In zijn nieuwste boek, “Raak de wonden aan”, stelt de Tjechische priester Tomas Halik dat alleen een kerk die zich laat raken door de wonden van de samenleving een geloofwaardige toekomst heeft. Net zoals de apostel Thomas zich pas liet overtuigen van de realiteit van de verrezen Heer, toen hij zijn wonden mocht zien en aanraken, zo getuigt Tomas Halik: “Voor mij is er geen andere weg naar de verrezen Christus dan die nauwe deur, die geopend wordt door een gewonde hand en een doorstoken hart. Ik kan niet ‘Mijn Heer en mijn God’ roepen als ik niet de wond zie die tot in zijn hart raakt”.
Een geloof dat zich laat raken door de wonden van de ander. Een kerk die functioneert als een veldhospitaal in oorlogstijd (paus Franciscus). Dat geldt ook voor ieder van ons persoonlijk. Laten wij ons echt raken door de nood van onze medemens? Hebben we werkelijk aandacht voor de zieken en eenzamen om ons heen? Springen we op de bres voor mensen die onrecht wordt aangedaan?
Het brood dat wij hier op zondagmorgen delen moet het symbool zijn van onze solidariteit met de vluchtelingen en vertrapten van deze wereld. Ik had honger en jij hebt Mij te eten gegeven, Ik was ontheemd en jij hebt Mij onderdak geboden, zegt Jezus.
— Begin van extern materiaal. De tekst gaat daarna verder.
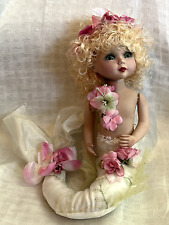 Mermaid porcelain doll for sale  Zephyrhills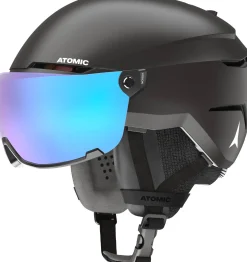 Skihelm SAVOR VISOR STEREO Black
Ik las ergens: “Wie groot en breed uitgemeten leeft ten koste van kleine mensen, die is te groot en te breed om door die nauwe deur heen te komen en deel te nemen aan het messiaanse bruiloftsmaal daarachter” (AdelbertAbdij). De vraag is dus: blijven we hangen in het rijk van de mens, waar macht, eer en aanzien tellen, of zijn we op weg naar het Rijk van God, waar het kleine van deze wereld in tel is.
Jezus voorzegt dat volkeren van oost en west, van noord en zuid naar ons toe zullen komen om hier in het koninkrijk van God met ons aan tafel te gaan. Iedereen is welkom op Gods heilige berg. De vraag aan ons is of wij ook bereid zijn ons brood met hen te delen.
De eersten zullen de laatsten zijn, zegt Jezus. Lidmaatschap van een kerk of wat dan ook geeft geen gegarandeerde toegang tot het Rijk van God. Jezus is streng in de richting van degenen die aan de kant blijven staan en weigeren zich te verbinden. Daden van gerechtigheid, werkelijk omzien naar elkaar, dat is wat Jezus vraagt van zijn leerlingen. Jezus komt op voor de laatsten, de mensen die buitengesloten worden, voor hen die er het slechtst aan toe zijn. Doen wij dat ook?